Margaret Sullivan

The Jane Austen Handbook, Margaret SullivanMargaret Sullivan
The Jane Austen Handbook 

The Janeite of your acquaintance cannot fail to be charmed by this ladylike volume, faithful in spirit to the Austen oeuvre and small enough to slip into a reticule. Subtitled A Sensible Yet Elegant Guide to Her World, it provides practical counsel on such diverse topics as riding sidesaddle and managing servants.

Each chapter opens with a quote from one of Austen’s seven published novels. (Yes, there were seven: Sanditon, although unfinished, was published after her death.) “It was a quick succession of busy nothings” (Mansfield Park) prefaces a discussion on how a lady might pass her hours of leisure. A well-bred young woman was expected to dance gracefully, master the art of needlework, and pay calls on her less fortunate neighbors—not to lord it over them, but to listen politely to their news, offer gifts of food, and help tend the sick.

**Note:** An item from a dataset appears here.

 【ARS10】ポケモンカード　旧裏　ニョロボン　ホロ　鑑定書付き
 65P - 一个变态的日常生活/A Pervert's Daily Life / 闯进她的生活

Then there’s the thorny matter of navigating romantic encounters. “As a Regency lady, choosing a husband is the most important decision you will make in your life. Once you’re married, you’re stuck with him.” Therefore, the author lays out a succinct campaign plan for determining who will make a suitable life partner (income, principles, physical comeliness, sense of humor) and following through on the choice (“Flatter his vanity” and “Ask him if he would like to go ‘stargazing’ ”). Plus ça change.

Life was considerably more straitlaced—in every sense of the word—during the Regency period, making revelations like this all the more piquant: “We may indeed assume, with a high degree of probability, that Jane Austen went commando.” Translation: no undies.